ChicaGo Dash is an express bus service between Chicago, Illinois and Valparaiso, Indiana.  The distance between the City of Valparaiso and Downtown Chicago is about 54 miles. It is jointly run by the city of Valparaiso and the Valparaiso Redevelopment Commission, with substantial financial support from the Northwest Indiana Regional Development Authority. It was launched on October 6, 2008.

History and Current Operations 

ChicaGo Dash travels between Valparaiso's Village Station and Downtown Chicago, Illinois. There are currently three stops in Chicago: Michigan/Randolph near Millennium Park, at the LaSalle Street/ Wacker Drive intersection, and in front of 333 S. Franklin St.
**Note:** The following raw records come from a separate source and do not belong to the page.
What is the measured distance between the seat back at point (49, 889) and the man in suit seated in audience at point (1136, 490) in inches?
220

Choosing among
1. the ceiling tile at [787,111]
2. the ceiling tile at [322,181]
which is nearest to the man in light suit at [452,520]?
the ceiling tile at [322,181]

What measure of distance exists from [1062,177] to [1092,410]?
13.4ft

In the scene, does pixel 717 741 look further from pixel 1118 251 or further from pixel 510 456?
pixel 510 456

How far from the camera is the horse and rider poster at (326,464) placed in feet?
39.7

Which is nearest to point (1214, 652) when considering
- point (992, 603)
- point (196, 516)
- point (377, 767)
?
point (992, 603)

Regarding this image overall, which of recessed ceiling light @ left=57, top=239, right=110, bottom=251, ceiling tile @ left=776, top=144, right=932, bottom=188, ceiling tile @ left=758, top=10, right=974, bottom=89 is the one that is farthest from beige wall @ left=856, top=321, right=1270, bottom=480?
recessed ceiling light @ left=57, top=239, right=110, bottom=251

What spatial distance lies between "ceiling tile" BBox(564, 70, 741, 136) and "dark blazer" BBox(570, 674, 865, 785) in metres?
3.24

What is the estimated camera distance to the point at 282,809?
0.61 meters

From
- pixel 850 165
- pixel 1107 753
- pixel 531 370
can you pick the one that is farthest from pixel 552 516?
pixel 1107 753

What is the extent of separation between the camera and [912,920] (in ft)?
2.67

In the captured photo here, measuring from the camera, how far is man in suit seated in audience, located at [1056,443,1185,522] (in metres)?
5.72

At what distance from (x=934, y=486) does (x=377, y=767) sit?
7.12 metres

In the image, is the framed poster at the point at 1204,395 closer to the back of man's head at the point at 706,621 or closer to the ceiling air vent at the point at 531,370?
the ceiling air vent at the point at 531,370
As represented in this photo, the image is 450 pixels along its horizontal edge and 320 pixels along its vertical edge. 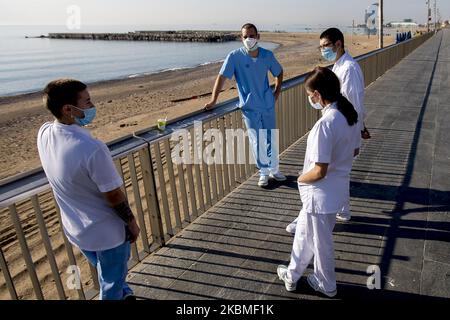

There is currently one stop in Valparaiso at 58 S. Campbell Street.

The service is rush hour only – it makes four trips from Valparaiso to Chicago in the morning and four trips from Chicago to Valparaiso in the evening.

The ChicaGo Dash began in 2008 as a way for residents of the Greater Valparaiso Area to commute to work in downtown Chicago. Historically, jobs in downtown Chicago have offered higher salaries than those found in Northwest Indiana. Prior to the Dash, those wishing to work in Chicago had to either drive to the NICTD South Shore train station in Chesterton, Indiana (a 20+ minute drive from Valparaiso) or drive themselves to Chicago.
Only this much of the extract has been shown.